He glanced up from the book, into the eyes of the same young hippy
girl of yesterday's tram. No, he thought, it wasn't the same girl,
just the same strange mode of dress. She smiled as she stood to
alight at the stop, "Have a nice day."
What a strange thing to say, thought Harold and the accent -
American? He watched from the window as she stepped from the tram.
With horror, he realised she was stepping from the wrong side of the
tram. The traffic... the cars... she had better be careful! Then,
through the misty veil of the swirling fog, he became dimly aware
that the vehicles, too, were on the wrong side of the road. And they
weren't the compact Holdens and British Leylands of Melbourne. They
were larger... they were Chevrolets and Plymouths.
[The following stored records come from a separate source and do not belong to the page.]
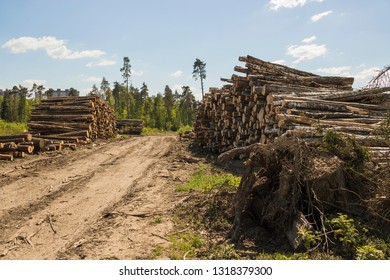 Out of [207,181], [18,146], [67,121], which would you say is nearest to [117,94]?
[67,121]

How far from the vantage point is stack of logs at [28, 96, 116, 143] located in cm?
1780

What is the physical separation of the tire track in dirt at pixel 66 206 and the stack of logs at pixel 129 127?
17.7m

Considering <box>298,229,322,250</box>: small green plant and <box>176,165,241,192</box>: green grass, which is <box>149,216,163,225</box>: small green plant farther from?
<box>298,229,322,250</box>: small green plant

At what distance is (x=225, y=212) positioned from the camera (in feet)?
19.8

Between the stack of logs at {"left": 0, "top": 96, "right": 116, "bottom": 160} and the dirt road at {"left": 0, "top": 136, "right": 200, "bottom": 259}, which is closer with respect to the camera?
the dirt road at {"left": 0, "top": 136, "right": 200, "bottom": 259}

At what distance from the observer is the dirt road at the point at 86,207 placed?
5020mm

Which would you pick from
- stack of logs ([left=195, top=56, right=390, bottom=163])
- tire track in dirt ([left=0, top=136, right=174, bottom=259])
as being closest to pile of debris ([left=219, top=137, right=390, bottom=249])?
stack of logs ([left=195, top=56, right=390, bottom=163])

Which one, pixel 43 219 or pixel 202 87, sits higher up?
pixel 202 87

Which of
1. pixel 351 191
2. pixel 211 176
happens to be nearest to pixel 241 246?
pixel 351 191

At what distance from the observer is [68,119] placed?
18.6m

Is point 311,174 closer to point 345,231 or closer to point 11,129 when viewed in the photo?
point 345,231

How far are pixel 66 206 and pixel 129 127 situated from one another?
937 inches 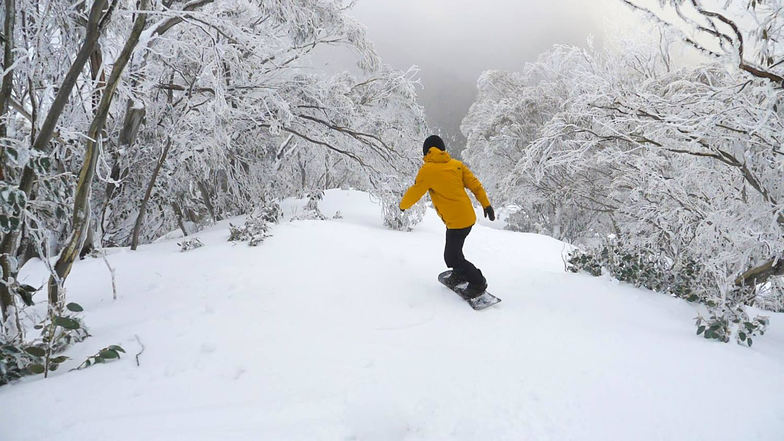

They were... they
were American automobiles.
The fog cleared as the tram re-commenced its journey and a somewhat
disorientated Harold Thistlewaite stared from the window at the
passing parade of San Francisco, U.S.A.
He realised from his picture book reading that the streetcar was
making its way over Nob Hill and along Jackson Street. It passed the
cable car barn, then skirted the edges of Chinatown as it turned
onto Powell Street for the run down past Union Square to the
turntable at the junction with Market Street. Harold Thistlewaite,
Assistant Librarian Grade Two, was riding San Francisco’s Hyde Park
Line cable car.
The car halted at the end of the line, a bell clanged and Harold
closed the book upon his knees, returned it to his briefcase, and
alighted from the tram. He crossed Swanston Street to his job at
Melbourne's State Library.
The books behaved themselves, the day
passed as uneventfully as the many before. All found their rightful
places as the Library closed its doors and Harold made his way home
to Mother for yet another long night.
The grey suited commuters at stop No.
40 surreptitiously stared over the tops of their morning newspapers
as Harold Thistlewaite hurried down the street for the first time in
tram transportation memory, two minutes late! Although passenger
protocol called for Harold to join the end of the queue, deference
was made to this legend of punctual passengers. So Harold, as usual,
was permitted to be the first to board the tram when it eased to a
halt in front of the A.M. peak-hour herd.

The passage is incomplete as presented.